日本にはフォードデイーゼルエンジン搭載車(インターナショナル製)が多く入っているようですが、次のフォードサイトにPSD 6.0と6.4用の冷却液の説明がされています。
https://www.fleet.ford.com/truckbbas/non-html/DeiselTips/DLSCOOLANTINFOSS.pdf
此れに依りますと7.3用(2003年以前)には別に専用冷却液があると書かれています、即ち異なる冷却液を使用する必要があります(PSD 7.3に関しては別に後ほど書きます)。
冷却液の選択方法:
冷却液の選択は同じ色であれば混ぜる事が可能な印象を与える様な書き方をする人が居ます。 しかし同じ色でも混ぜる事が出来ない物もあり、異なる色の冷却液は先ず間違い無く混ぜる事が出来ないと考えた方が無難でしょう。
一番確実な冷却液選択方法は“オーナーズマニュアルに従い、規格に適合した冷却液を使用”する事です。
次回はフォードPSD 7.3用冷却液に関して書く予定です。 PSD 7.3は最もキャビテーションが起こり易いエンジンの中の一つとされています。

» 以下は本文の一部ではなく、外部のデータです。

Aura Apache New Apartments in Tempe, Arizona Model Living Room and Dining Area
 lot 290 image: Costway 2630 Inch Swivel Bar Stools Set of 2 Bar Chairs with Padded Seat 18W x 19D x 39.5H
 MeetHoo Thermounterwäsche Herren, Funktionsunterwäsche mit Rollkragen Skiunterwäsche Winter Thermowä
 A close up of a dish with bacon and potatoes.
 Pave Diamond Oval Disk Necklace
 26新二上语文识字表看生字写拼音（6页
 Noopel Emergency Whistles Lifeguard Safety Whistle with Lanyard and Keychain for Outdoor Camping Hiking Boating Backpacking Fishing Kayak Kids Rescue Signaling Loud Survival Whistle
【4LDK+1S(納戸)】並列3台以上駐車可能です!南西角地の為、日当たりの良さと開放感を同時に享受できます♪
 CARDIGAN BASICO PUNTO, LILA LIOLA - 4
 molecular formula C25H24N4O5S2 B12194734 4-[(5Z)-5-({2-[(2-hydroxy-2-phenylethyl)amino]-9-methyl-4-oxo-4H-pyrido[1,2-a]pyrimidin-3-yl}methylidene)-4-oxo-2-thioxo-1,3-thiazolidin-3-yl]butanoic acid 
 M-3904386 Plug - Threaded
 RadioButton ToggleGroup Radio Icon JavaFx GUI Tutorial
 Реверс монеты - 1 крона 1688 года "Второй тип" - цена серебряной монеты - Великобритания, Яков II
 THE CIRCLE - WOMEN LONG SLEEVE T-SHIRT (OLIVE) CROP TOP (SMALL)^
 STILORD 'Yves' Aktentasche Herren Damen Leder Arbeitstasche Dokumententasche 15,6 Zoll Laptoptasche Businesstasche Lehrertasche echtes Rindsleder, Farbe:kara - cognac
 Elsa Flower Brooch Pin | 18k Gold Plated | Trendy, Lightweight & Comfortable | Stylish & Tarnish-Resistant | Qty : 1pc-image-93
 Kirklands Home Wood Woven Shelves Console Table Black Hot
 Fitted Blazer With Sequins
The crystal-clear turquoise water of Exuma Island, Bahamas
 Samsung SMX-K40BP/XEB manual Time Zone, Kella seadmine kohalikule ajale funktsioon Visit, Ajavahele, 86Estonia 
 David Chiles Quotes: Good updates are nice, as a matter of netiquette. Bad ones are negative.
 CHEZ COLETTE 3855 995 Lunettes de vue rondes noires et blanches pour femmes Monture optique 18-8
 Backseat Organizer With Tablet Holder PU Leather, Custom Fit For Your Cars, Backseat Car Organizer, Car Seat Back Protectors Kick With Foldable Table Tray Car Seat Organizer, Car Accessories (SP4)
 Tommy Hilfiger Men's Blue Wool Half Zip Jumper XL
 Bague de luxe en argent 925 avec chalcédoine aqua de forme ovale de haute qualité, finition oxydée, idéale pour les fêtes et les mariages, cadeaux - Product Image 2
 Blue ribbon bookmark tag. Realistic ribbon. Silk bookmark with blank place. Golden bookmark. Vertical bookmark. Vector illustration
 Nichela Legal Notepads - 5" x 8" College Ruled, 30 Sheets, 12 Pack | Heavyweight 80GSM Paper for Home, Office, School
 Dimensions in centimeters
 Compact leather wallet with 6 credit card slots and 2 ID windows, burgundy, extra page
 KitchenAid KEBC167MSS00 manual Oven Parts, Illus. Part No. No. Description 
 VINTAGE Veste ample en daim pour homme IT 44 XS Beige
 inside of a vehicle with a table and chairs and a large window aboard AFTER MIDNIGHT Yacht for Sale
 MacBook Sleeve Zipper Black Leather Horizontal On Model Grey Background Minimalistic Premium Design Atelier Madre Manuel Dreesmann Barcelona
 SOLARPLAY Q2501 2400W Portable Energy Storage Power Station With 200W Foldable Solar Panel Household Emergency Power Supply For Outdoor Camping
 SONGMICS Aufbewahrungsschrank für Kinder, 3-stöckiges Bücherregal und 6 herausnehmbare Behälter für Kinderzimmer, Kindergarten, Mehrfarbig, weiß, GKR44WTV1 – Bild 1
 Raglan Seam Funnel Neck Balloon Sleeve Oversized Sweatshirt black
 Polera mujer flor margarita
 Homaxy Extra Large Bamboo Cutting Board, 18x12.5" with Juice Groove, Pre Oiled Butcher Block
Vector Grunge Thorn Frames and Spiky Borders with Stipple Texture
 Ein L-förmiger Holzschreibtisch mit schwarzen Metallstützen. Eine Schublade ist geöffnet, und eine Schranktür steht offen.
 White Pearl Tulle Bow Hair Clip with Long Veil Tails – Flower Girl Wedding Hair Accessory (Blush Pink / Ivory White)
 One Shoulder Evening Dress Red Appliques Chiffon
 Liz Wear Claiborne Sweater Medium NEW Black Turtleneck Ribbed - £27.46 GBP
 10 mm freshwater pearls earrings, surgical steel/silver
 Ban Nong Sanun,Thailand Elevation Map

参考: 私は購入後間も無く赤色のバルボリン製ズイーレックス(Valvoline Zerex)に交換し、現在も使用しています。 この冷却液を選択した理由は、使用エンジンメーカーの規格に合う事、ケイ酸が入っていない事、SCA残量を調べたり加えたりする必要が無い事、ELC(Extended Life Coolant=3年又は3百万マイル)である事、全国の多くの部品店で手に入り易い事等が思い出されます。